OBJECTIVES - (1) To determine serotype-specific IgG antibody responses to reimmunization with pneumococcal polysaccharide vaccine at age 5 years in children with sickle cell anemia and (2) to determine whether continued penicillin prophylaxis had any adverse effects on these responses.
STUDY DESIGN - Children with sickle cell anemia, who had been treated with prophylactic penicillin for at least 2 years before their fifth birthday, were randomly selected at age 5 years to continue penicillin prophylaxis or to receive placebo treatment. These children had been immunized once or twice in early childhood with pneumococcal polysaccharide vaccine and were reimmunized at the time of randomization.

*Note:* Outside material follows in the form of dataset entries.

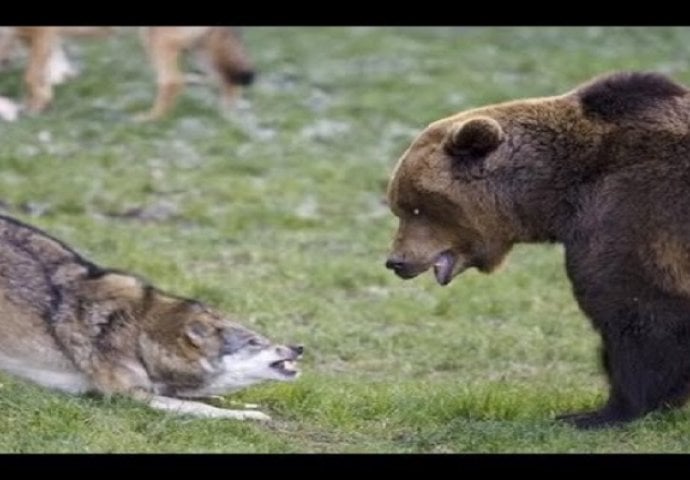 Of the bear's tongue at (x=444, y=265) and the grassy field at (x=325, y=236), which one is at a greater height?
the bear's tongue at (x=444, y=265)

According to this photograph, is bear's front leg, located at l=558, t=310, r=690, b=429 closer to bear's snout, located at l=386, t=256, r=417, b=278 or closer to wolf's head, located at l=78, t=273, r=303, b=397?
bear's snout, located at l=386, t=256, r=417, b=278

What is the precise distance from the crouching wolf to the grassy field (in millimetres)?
209

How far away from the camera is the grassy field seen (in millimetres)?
9070

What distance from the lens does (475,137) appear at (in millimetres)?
9078

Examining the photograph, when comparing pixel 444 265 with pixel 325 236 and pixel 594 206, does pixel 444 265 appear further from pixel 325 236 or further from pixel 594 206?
pixel 325 236

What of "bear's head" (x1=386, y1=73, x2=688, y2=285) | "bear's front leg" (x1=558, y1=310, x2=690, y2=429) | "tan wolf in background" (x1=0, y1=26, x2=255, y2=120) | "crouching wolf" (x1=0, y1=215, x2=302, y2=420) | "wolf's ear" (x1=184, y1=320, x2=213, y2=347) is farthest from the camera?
"tan wolf in background" (x1=0, y1=26, x2=255, y2=120)

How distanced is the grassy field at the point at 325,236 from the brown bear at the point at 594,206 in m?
0.43

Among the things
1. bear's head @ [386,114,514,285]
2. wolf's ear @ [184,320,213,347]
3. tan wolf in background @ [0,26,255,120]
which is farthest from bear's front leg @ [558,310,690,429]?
tan wolf in background @ [0,26,255,120]

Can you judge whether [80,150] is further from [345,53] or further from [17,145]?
[345,53]

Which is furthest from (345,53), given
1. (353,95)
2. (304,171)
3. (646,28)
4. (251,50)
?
(304,171)

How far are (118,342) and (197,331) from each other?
444 millimetres

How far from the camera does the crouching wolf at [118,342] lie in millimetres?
9648

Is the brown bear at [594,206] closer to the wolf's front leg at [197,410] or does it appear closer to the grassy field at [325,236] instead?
the grassy field at [325,236]

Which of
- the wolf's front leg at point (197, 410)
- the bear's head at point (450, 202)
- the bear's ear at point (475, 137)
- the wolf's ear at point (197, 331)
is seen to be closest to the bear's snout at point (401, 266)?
the bear's head at point (450, 202) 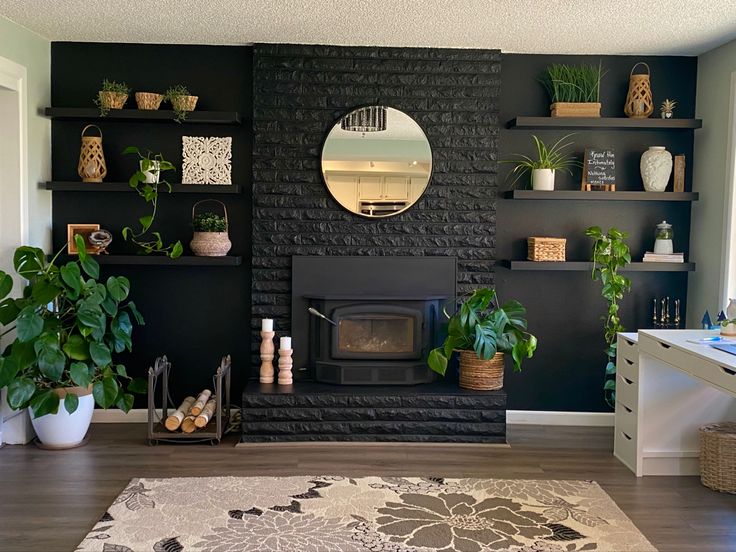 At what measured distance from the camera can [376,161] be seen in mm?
5297

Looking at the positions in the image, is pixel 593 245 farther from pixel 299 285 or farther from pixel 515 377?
pixel 299 285

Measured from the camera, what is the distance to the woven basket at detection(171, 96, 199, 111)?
200 inches

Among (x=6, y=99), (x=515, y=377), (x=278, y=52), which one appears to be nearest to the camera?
(x=6, y=99)

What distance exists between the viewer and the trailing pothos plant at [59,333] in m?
4.43

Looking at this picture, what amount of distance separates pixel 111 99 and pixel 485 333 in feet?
9.04

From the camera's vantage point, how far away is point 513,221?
546 centimetres

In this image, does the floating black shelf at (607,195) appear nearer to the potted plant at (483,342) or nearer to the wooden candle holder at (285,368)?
the potted plant at (483,342)

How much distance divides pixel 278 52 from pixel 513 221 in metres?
1.91

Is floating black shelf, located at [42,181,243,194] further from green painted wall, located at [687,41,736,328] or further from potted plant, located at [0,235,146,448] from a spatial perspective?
green painted wall, located at [687,41,736,328]

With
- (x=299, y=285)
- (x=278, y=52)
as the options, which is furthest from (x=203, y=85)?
(x=299, y=285)

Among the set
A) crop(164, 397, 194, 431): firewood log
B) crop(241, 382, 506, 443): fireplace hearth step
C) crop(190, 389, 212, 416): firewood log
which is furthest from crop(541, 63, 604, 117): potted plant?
crop(164, 397, 194, 431): firewood log

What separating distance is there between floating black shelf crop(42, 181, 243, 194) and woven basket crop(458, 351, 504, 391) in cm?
185

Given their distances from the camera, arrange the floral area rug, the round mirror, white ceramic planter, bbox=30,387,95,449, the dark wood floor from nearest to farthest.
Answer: the floral area rug < the dark wood floor < white ceramic planter, bbox=30,387,95,449 < the round mirror

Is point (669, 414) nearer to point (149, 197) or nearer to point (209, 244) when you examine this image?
point (209, 244) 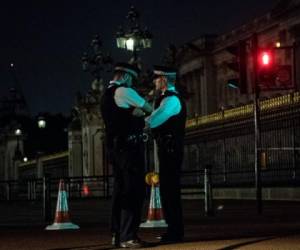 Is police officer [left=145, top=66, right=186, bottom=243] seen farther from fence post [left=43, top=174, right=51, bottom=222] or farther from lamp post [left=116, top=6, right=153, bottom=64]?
lamp post [left=116, top=6, right=153, bottom=64]

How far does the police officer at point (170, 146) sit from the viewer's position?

RESULTS - Serotype-specific IgG antibody responses to reimmunization varied according to pneumococcal serotype but in general were mediocre or poor; the poorest response was to serotype 6B. The antibody responses were similar in subjects with continued penicillin prophylaxis or placebo treatment, and in subjects who received one or two pneumococcal vaccinations before reimmunization. The occurrence of pneumococcal bacteremia was associated with low IgG antibody concentrations to the infecting serotype.
CONCLUSIONS - Reimmunization of children with sickle cell anemia who received pneumococcal polysaccharide vaccine at age 5 years induces limited production of serotype-specific IgG antibodies, regardless of previous pneumococcal vaccine history. Continued penicillin prophylaxis does not interfere with serotype-specific IgG antibody responses to reimmunization.